On Sunday, The U.S. Mission to the United nations (UN) informed the secretary-general that the United States will no longer participate in the Global Compact on Migration (GCM) – over concerns of infringement on sovereignty.
Administration officials believe that the US national government must exert full control over its own immigration policy, and not cede control to supranational governing bodies like the UN – that frequently, and explicitly, act against the interests of the United States.
The U.S. Ambassador to the United Nations, Nikki Haley said, “America is proud of our immigrant heritage and our long-standing moral leadership in providing support to migrant and refugee populations across the globe. No country has done more than the United States, and our generosity will continue.”
“But our decisions on immigration policies must always be made by Americans and Americans alone. We will decide how best to control our borders and who will be allowed to enter our country,” Haley said.
With the announcement comes the reversal of the Obama administration’s decision to sign on the New York Declaration for Refugees and Migrants, which hopes to set up the GCM by 2018.
Expanded expectations for immigrants are created by a number of commitments for signatories that are included in the New York Declaration. These commitments include education for children within a few months of arrival and ending detention for children in order to determine their immigration status.
Specifically, by adding the International Organization for Migration to the U.N.’s purview, the GCM will also attempt to “strengthen the global governance of migration.”
Haley pointed out that all of this goes against the United States’ sovereignty, and its authority to set its own immigration policy.
“The global approach in the New York Declaration is simply not compatible with U.S. sovereignty,” Haley said.
In a separate written statement, Secretary of State Rex Tillerson agreed with Haley’s analysis, stating that the New York Declaration “contains a number of policy goals that are inconsistent with U.S. law and policy.”
“While we will continue to engage on a number of fronts at the United Nations, in this case, we simply cannot in good faith support a process that could undermine the sovereign right of the United States to enforce our immigration laws and secure our borders,” Tillerson said.
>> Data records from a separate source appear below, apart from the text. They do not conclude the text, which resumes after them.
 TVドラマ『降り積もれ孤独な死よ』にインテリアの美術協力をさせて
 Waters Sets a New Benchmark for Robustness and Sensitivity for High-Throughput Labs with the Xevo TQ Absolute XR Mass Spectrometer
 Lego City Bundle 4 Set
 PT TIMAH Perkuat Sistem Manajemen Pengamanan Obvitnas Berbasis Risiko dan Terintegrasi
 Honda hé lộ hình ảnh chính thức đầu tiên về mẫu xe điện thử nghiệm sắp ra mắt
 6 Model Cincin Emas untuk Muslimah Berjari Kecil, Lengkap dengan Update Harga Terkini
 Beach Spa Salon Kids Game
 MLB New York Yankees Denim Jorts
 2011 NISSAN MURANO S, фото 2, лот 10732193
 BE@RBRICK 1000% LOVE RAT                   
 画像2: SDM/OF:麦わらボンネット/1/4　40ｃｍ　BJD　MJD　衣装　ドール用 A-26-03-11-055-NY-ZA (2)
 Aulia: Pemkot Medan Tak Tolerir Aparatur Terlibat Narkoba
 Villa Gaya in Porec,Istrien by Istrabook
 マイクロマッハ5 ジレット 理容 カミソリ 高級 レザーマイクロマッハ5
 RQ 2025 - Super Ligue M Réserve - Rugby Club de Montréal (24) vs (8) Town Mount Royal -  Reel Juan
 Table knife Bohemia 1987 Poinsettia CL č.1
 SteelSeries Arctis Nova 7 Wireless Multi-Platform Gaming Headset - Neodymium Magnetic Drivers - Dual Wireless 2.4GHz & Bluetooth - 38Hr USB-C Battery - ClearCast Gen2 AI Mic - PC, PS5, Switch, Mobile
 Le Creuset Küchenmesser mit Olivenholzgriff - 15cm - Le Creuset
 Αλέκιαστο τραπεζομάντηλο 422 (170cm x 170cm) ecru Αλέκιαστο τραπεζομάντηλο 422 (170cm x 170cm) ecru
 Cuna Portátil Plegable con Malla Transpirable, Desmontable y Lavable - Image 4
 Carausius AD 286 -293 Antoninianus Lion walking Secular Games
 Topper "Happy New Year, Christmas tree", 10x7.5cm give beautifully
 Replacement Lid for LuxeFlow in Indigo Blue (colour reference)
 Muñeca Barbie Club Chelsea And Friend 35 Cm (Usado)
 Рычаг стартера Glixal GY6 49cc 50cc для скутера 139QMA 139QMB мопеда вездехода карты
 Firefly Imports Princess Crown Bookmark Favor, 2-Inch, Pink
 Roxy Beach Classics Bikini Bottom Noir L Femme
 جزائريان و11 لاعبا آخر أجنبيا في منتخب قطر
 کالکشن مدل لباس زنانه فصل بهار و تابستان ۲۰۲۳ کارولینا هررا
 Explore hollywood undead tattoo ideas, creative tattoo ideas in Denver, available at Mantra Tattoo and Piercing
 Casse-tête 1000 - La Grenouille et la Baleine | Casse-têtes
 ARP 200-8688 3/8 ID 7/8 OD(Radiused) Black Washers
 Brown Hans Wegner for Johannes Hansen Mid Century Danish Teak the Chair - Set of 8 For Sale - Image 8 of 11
“The United States supports international cooperation on migration issues, but it is the primary responsibility of sovereign states to help ensure that migration is safe, orderly, and legal,” he said.
In a statement of his own, Miroslav Lajčák, the president of the U.N. General Assembly, expressed his regret at the decision of the U.S. to opt out of the GCM.
“The role of the United States in this process is critical as it has historically and generously welcomed people from all across the globe and remains home to the largest number of international migrants in the world. As such, it has the experience and expertise to help ensure that this process leads to a successful outcome,” he said.
A resident fellow in law and policy at the Center for Immigration Studies, Andrew Arthur, disagreed. The U.S. immigration policy should be formulated by elected officials and not by an unelected group of bureaucrats from the U.N.
“The idea that we had unelected officials negotiating some sort of global migration compact is problematic. With respect to refugees and the movement of peoples, the United States needs to play a strong role, we always have. We accept more refugees for permanent resettlement than any other country on the face of the earth,” Arthur said.
“There’s plainly a huge role for the United States to play, as relates to migration. But as relates to migration to the United States, the fact remains that that is an issue for Congress and for the American people to decide, not for unaccountable bureaucrats in Turtle Bay,” he said.